Il est aujourd’hui possible d’organiser un système de prévention et de traitement des quartiers dont le niveau sonore nocturne dépasse les seuils admis par l’Organisation Mondiale de la Santé par des mesurages objectifs réalisés automatiquement par des appareils. C’est là manifestement que se trouvent les solutions les plus prometteuses et économiquement réalistes.

Lire notre analyse : "Comprendre les dangers du système des Pierrots de la Nuit (AMUON) et agir sur les nuisances nocturnes grâce à des mesurages objectifs des niveaux sonores"

La position actuelle du réseau « Vivre Paris ! » :
1° - Si la Ville estime ne pas pouvoir attribuer la somme nécessaire à la réalisation de mesurages en plus de la subvention annuelle accordée à l’AMUON :
- que le financement public accordé par la Ville à l’AMUON soit à l’avenir dédié à une mission de mesurages confiée un organisme spécialisé, et ceci dans un nombre significatif de quartiers.

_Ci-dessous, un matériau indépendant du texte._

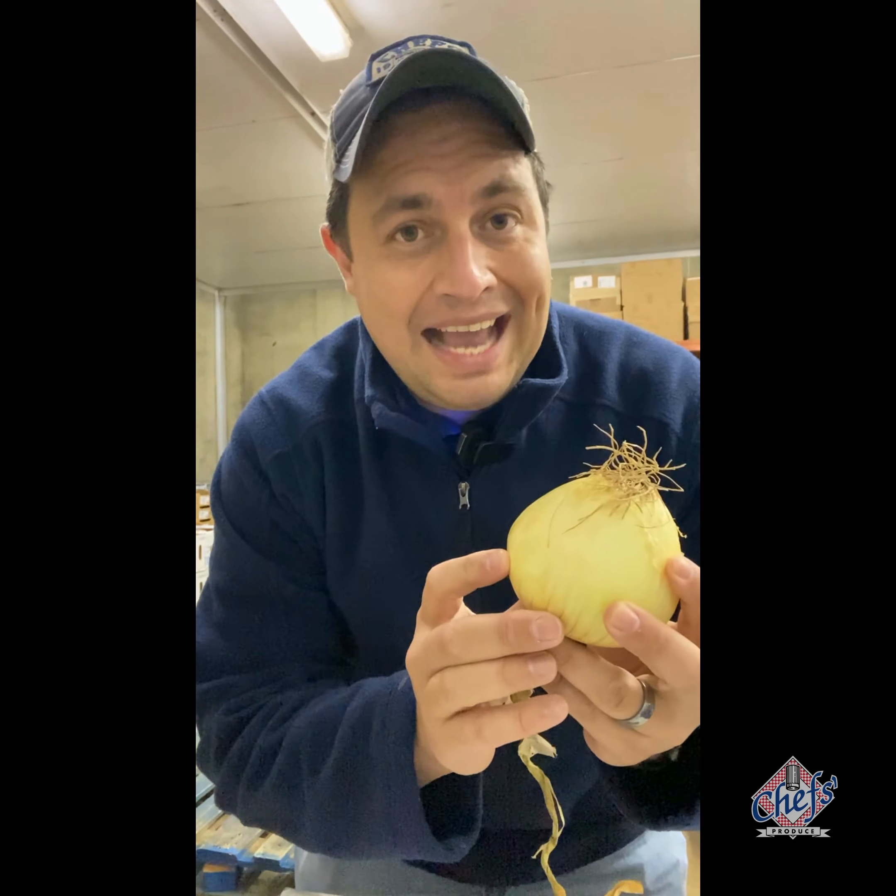Red onion — some people call it a purple onion — is really best eaten raw. Great with salads or on a burger. I would not recommend cooking it down or caramelizing it. White onions are favored by Mexican, Tex-Mex, and Spanish cuisine restaurants for salsas, plate garnishes, and dishes like enchiladas. They tend to have a slightly sweeter flavor than yellow onions.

2° - Si la Ville estime pouvoir ajouter le prix des mesurages par un organisme spécialisé au budget déjà consacré à l’AMUON :
- que les actions de cette association soient ciblées sur un nombre restreint de quartiers, pour permettre une continuité et un suivi indispensables pour prétendre agir.

3° - En toute hypothèse, nous demandons que ce budget attribué à un organisme spécialisé de mesurage retenu par appel d’offres de marché public ou une subvention soit :
- voté par le Conseil de Paris des 29 et 30 juin au plus tard d’une part,
- égal à la subvention votée en 2015 pour l’AMUON sans que l’évaluation prévue ait été réalisée d’autre part.